- _Required action_: Please return the lines below verbatim, beginning at the one that has "904 Washington Ave., Rocky" and stopping after the one that has "Бутылки Adidas Performance модель FM9931 Бутылки", and add no other lines.

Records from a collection
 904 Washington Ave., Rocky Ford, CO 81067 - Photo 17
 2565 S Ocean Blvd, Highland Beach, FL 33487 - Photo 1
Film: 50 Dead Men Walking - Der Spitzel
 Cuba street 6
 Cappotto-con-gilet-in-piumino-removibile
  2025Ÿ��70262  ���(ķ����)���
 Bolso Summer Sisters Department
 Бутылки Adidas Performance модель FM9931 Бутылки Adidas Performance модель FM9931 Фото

...

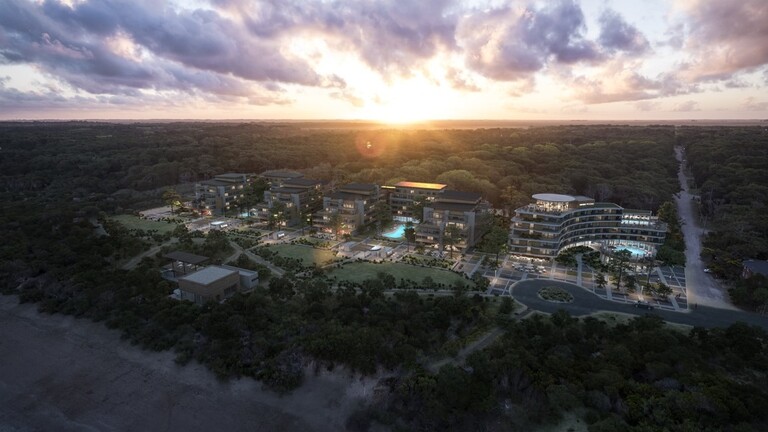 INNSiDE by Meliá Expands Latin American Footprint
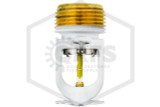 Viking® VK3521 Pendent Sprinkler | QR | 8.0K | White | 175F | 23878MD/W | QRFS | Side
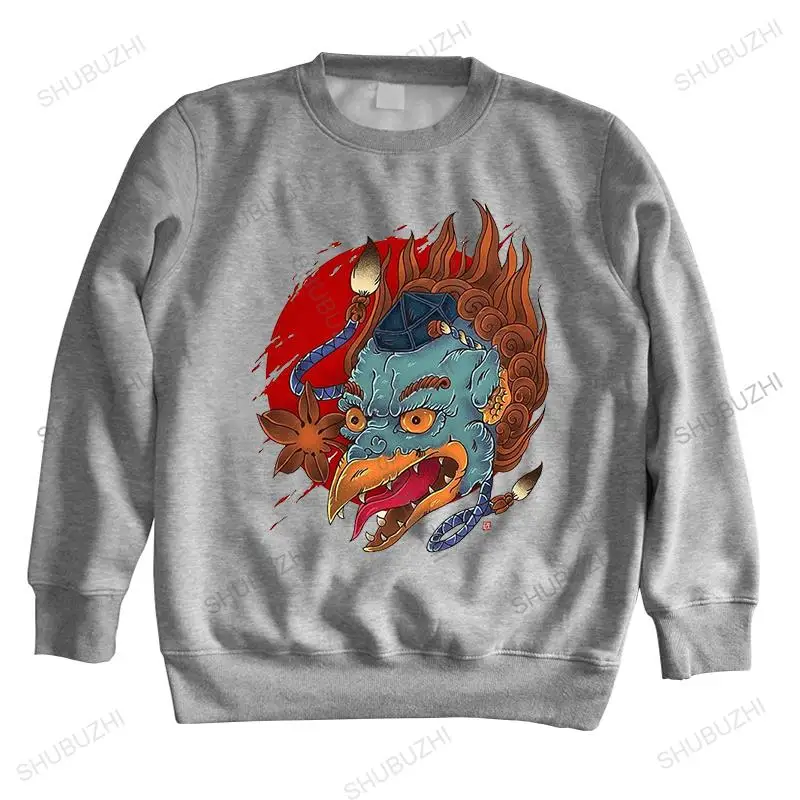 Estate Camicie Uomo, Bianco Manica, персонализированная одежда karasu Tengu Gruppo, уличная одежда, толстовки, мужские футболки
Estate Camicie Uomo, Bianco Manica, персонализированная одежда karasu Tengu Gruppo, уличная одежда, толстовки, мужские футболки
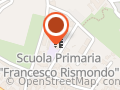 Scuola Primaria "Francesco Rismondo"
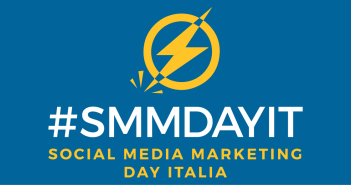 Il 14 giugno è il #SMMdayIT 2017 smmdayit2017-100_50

- _Result for this exercise_:
 904 Washington Ave., Rocky Ford, CO 81067 - Photo 17
 2565 S Ocean Blvd, Highland Beach, FL 33487 - Photo 1
Film: 50 Dead Men Walking - Der Spitzel
 Cuba street 6
 Cappotto-con-gilet-in-piumino-removibile
  2025Ÿ��70262  ���(ķ����)���
 Bolso Summer Sisters Department
 Бутылки Adidas Performance модель FM9931 Бутылки Adidas Performance модель FM9931 Фото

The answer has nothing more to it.